▸ **What the task requires**:
Leaving out the pictures, print exactly the lines from the one holding "České Budějovice 200 Kč proof" to the last line of the entries below, both included, and nothing more.

▸ **Web page caption snippets**:
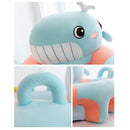 Baby Sofa Support Seat Cover Plush Learning To Sit Feeding Chair (Whale) Newly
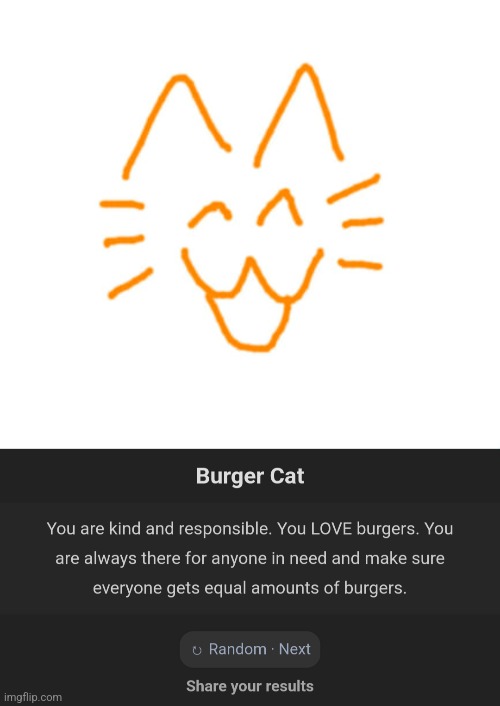 I got burger cat | made w/ Imgflip meme maker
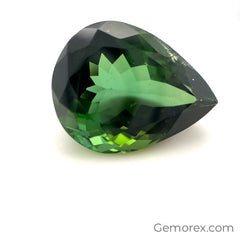 Green Tourmaline Pear Shape Faceted 12.46ct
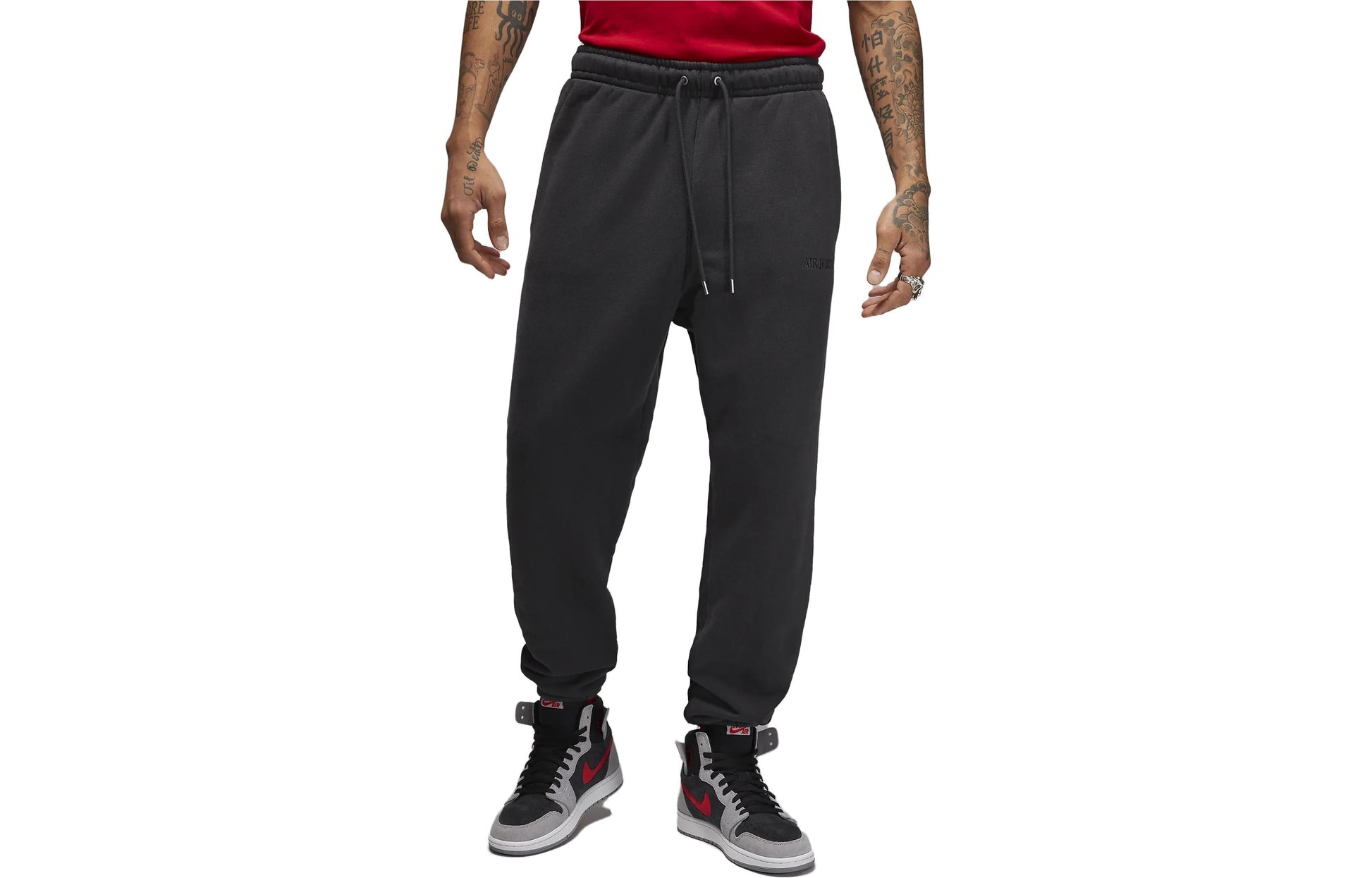 Air Jordan Wordmark Fleece Sweatpants 'Black' FJ0696-045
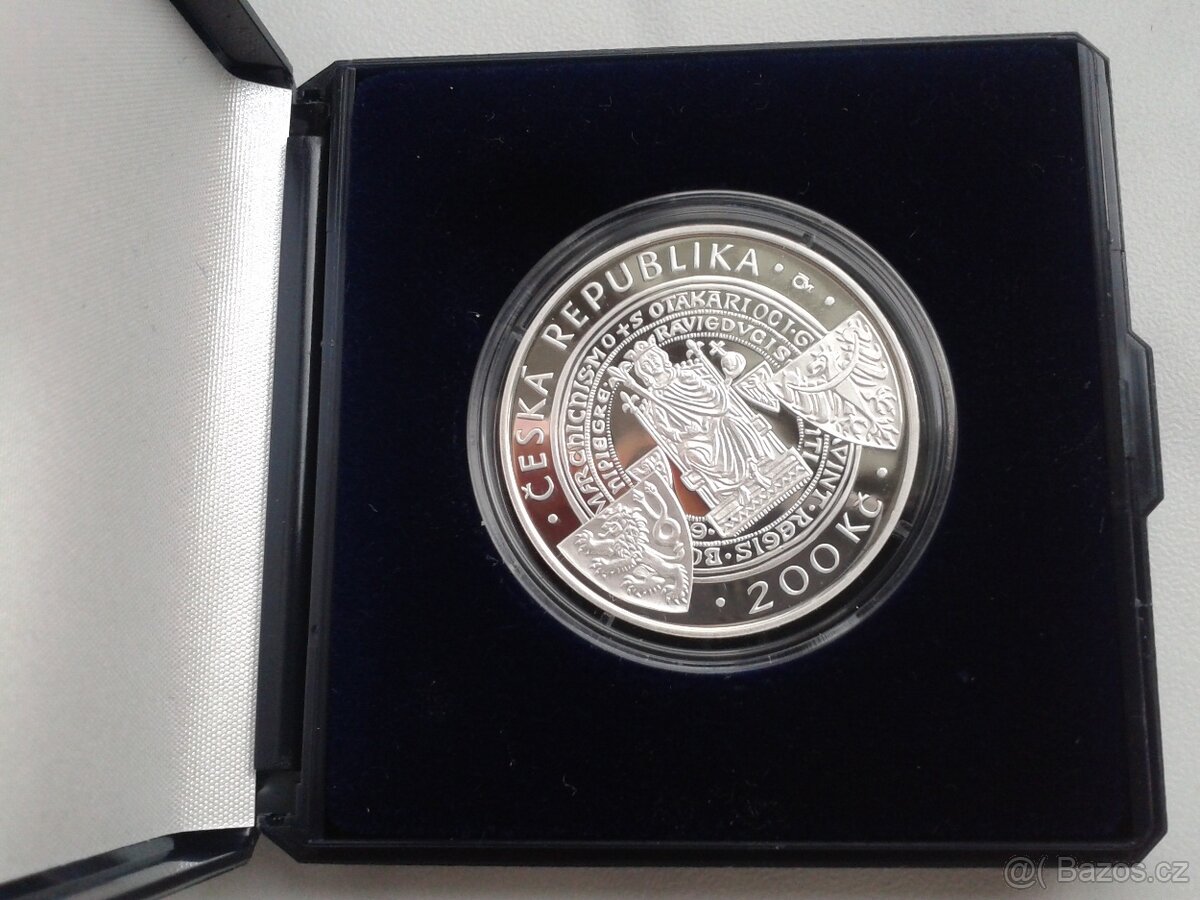České Budějovice 200 Kč proof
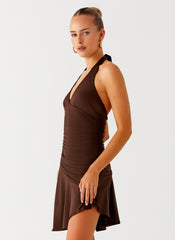 Colt Mini Dress - Chocolate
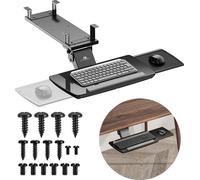 Maclean Tablette de clavier sous le bureau réglable max. 5kg noir MC-156 B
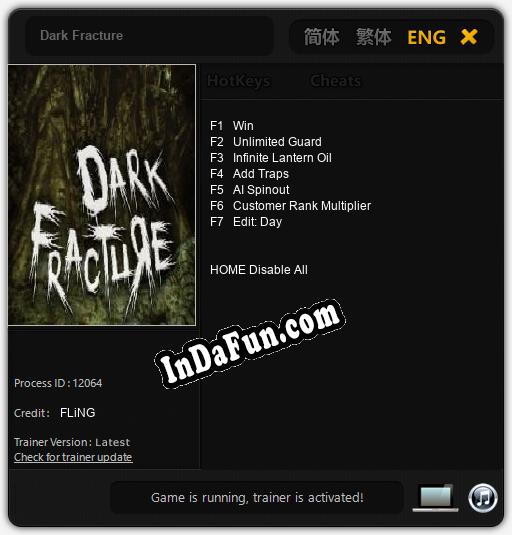 Dark Fracture: TRAINER AND CHEATS (V1.0.44)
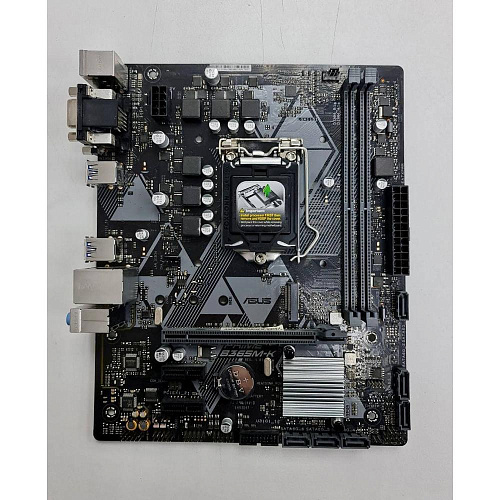 Материнская плата ASUS Prime B365M-K B365 Socket-1151v2 2xDDR4, 6xSATA3, 1xM.2, 1xPCI-E16x, 4xUSB3.1, D-Sub, DVI-D, Glan, mATX УЦЕНКА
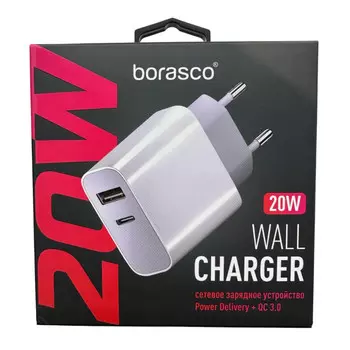 устройство сетевое зарядное Power Delivery + QC 3.0 20 Вт белый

▸ **Solved exercise**:
České Budějovice 200 Kč proof
 Colt Mini Dress - Chocolate
 Maclean Tablette de clavier sous le bureau réglable max. 5kg noir MC-156 B
 Dark Fracture: TRAINER AND CHEATS (V1.0.44)
 Материнская плата ASUS Prime B365M-K B365 Socket-1151v2 2xDDR4, 6xSATA3, 1xM.2, 1xPCI-E16x, 4xUSB3.1, D-Sub, DVI-D, Glan, mATX УЦЕНКА
 устройство сетевое зарядное Power Delivery + QC 3.0 20 Вт белый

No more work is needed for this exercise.